The sponsor developed a novel antibody fragment against a tumor-specific target that is present in several cancer types. They aimed to develop a radiopharmaceutical for the treatment of these tumors. TRACER assisted in the preclinical development by labeling the antibody fragment for imaging in tumor-bearing mice. One batch was labeled with Indium-111 and another with Zirconium-89 for Single Photon Emission Computed Tomography (SPECT) and Positron Emission Tomography (PET), respectively. In vitro evaluation showed binding of the antibody fragment to the target-expressing tumor cells. The rodent study resulted in clear images of biodistribution and target binding in vivo for both modalities.
Labeling
As a first development step, a labeling strategy was developed, and the antibody fragment was conjugated with a chelator to enable radiometal labeling. Various ratios of chelator:antibody were tested in vitro, and the optimal conjugate was selected for in vivo studies. The radiolabeling with 111In and 89Zr was set up and optimized, followed by quality control, purification, and in vitro stability studies. Two nuclides were selected for comparison of imaging quality and stability in subsequent research.

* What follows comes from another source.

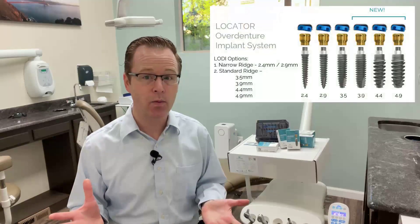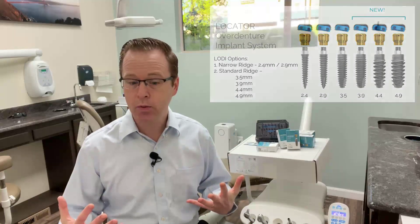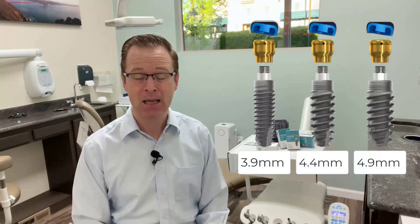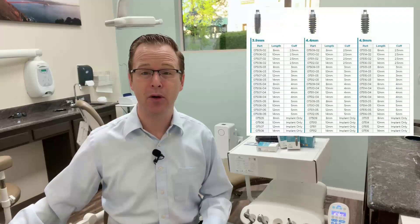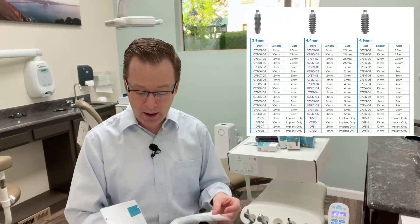Recently, Zest has been working on this really incredible update for Lodi — the expanded or extended range indication for the Locator Overdenture Implant System. Just released, and very exciting: a 3.9 millimeter diameter, a 4.4 millimeter diameter, and a 4.9 millimeter diameter. They have a huge range of different lengths available. I have my technique manual here because I have to reference it — there are so many different options.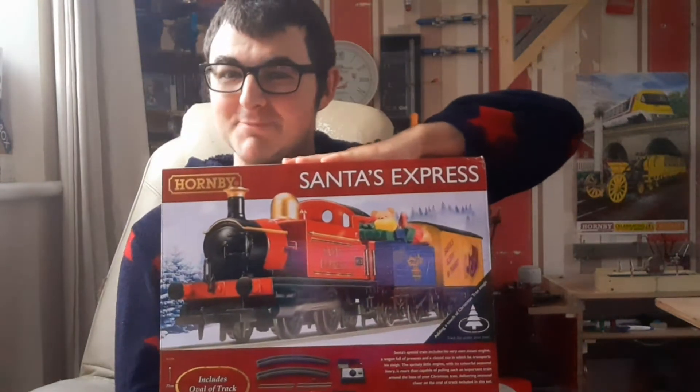Hi guys, welcome back to another episode of my Hornby Hobby. Something very special today — a look at the Santa's Express.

111In and 89Zr labeling and biodistribution studies
In preclinical studies, 111In labeling is often used as a starting point because it is faster and less expensive. It delivers biodistribution data early. 89Zr labeling can be more difficult and time-consuming. In this project, the preferred 89Zr labeling was developed in parallel, and after the first 111In biodistribution study was completed, the 89Zr biodistribution study could commence together with the second 111In study.
Preclinical studies
TRACER performed preclinical in vitro testing in tumor cell lines in binding and internalization assays, and in vivo in tumor-bearing mice.

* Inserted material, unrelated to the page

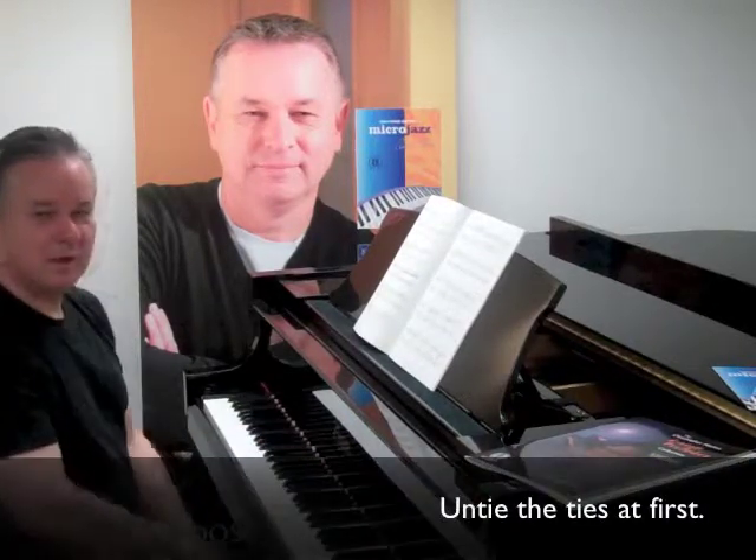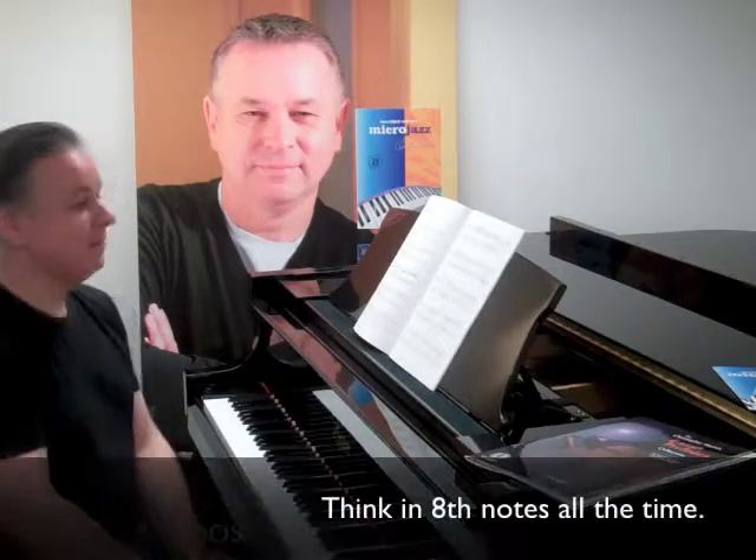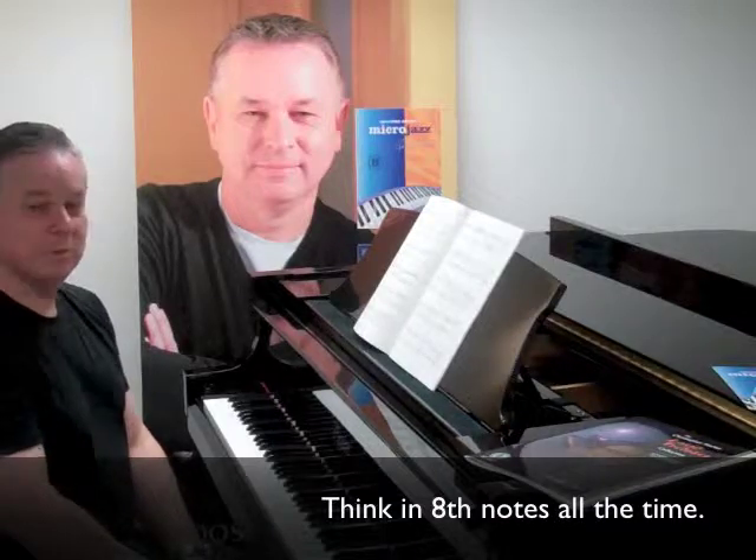Prelude No. 5 from the 11th Prelude Collection is a jazzy piece using the Dorian mode. Try untying the ties at first, just getting used to where things lie within the bar. If you think of eighth notes all the time, you shouldn't have too much trouble with this change to 6-8.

- In vitro stability in plasma.
- In vitro binding characteristic and internalization assays.
- Biodistribution by ex vivo gamma counting in tumor-bearing mice.
- In vivo small animal PET and SPECT study (image quality, biodistribution, and tumor targeting and binding).
Results
The antibody fragment was successfully labeled with 111In and 89Zr, resulting in a good yield, purity, and molar activity. In vitro, the radiolabeled antibody fragment was stable and showed efficient binding. The compound allowed PET and SPECT imaging in rodents. Biodistribution studies showed high uptake in tumors and low accumulation in non-target organs. PET and SPECT imaging confirmed the previously generated biodistribution results. Additionally, the images showed accumulation in salivary glands, which was not included in the sponsor’s original biodistribution study.
Without PET and SPECT imaging, uptake in organs that are not included for excision in routine biodistribution could be missed. Imaging data adds significant insights into the path to clinical translation.
Future prospects
From this study, the sponsor was able to compare PET vs SPECT as imaging methods. The results were used for insights into the potential development of the antibody fragment as an antibody drug conjugate (ADC) or radiopharmaceutical, which the study data showed are both viable options.